▸ **PROBLEM**:
Could you restate word for word every line from the one containing "HUNDRED Cosmogear Badminton" to the end of the data below, pictures excluded?

▸ **GIVEN MATERIAL**:
Start of Block

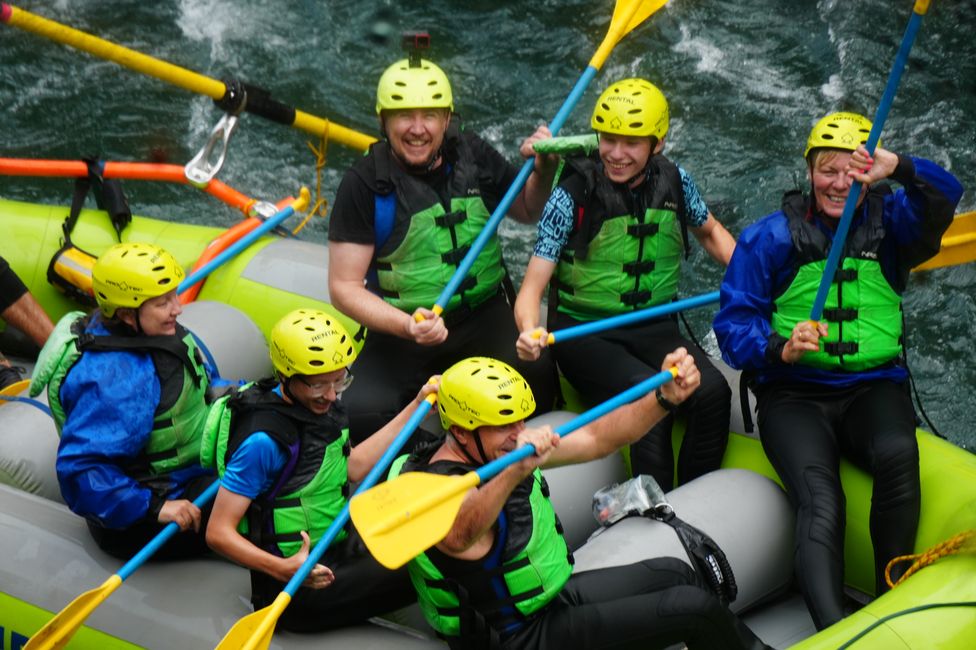 Tag 11: Wildwasser-Rafting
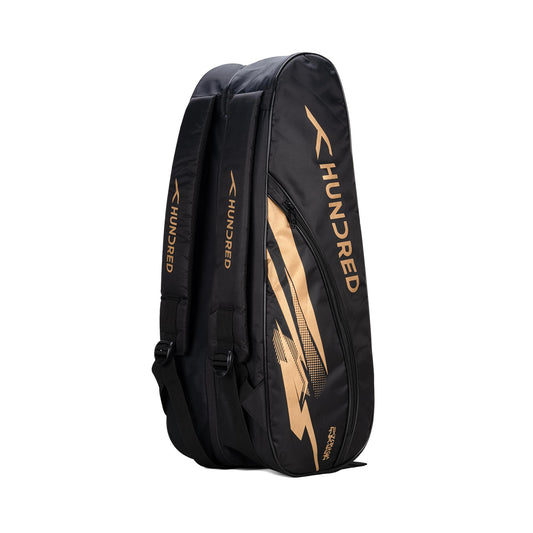 HUNDRED Cosmogear Badminton Bag | Double Zipper | Front Zipper Pocket Bag, Polyester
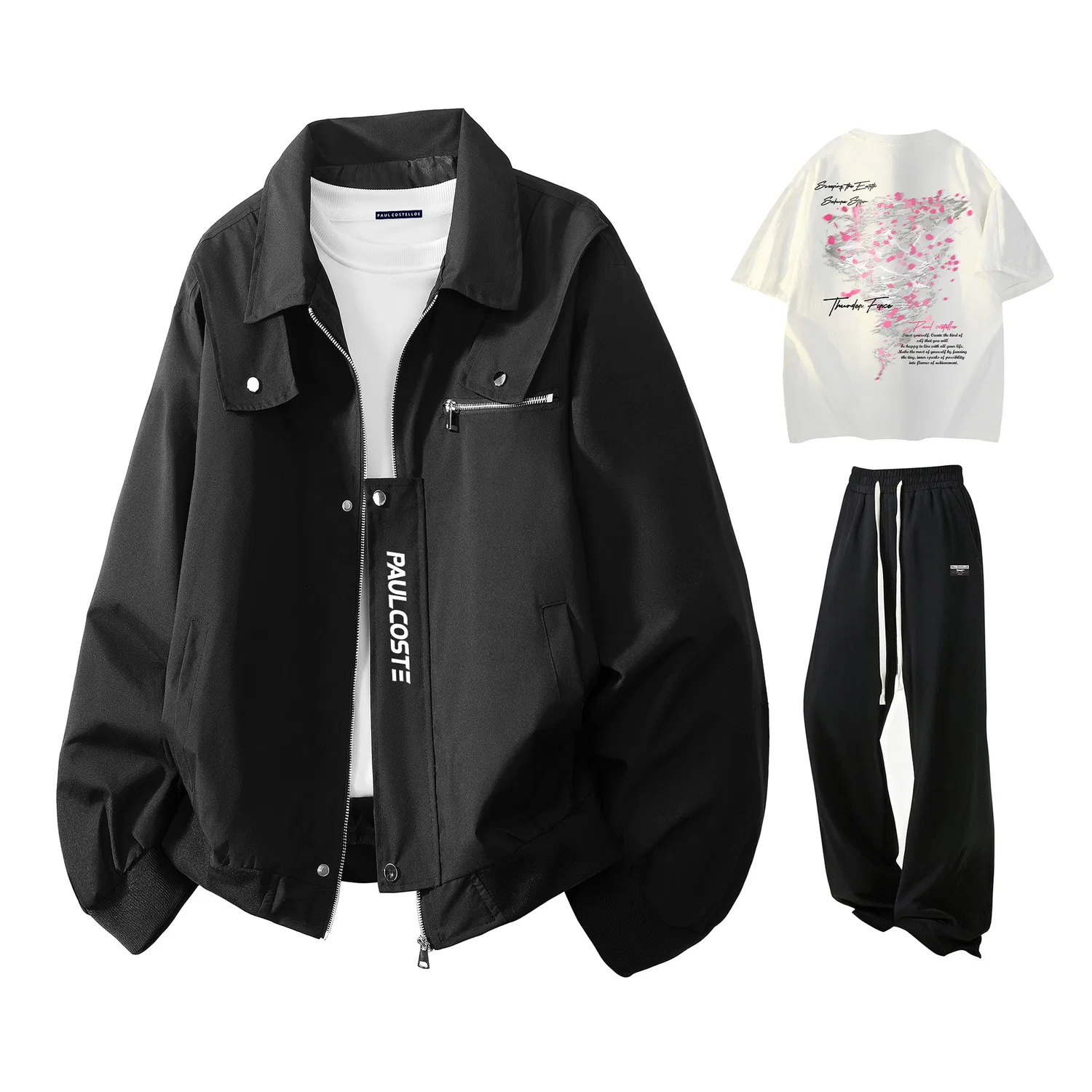 Детский спортивный комплект из футера с принтом Casual Sportswear Paul Costelloe — фото 3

End of Block

▸ **SOLUTION TO THIS PROBLEM**:
 HUNDRED Cosmogear Badminton Bag | Double Zipper | Front Zipper Pocket Bag, Polyester
 Детский спортивный комплект из футера с принтом Casual Sportswear Paul Costelloe — фото 3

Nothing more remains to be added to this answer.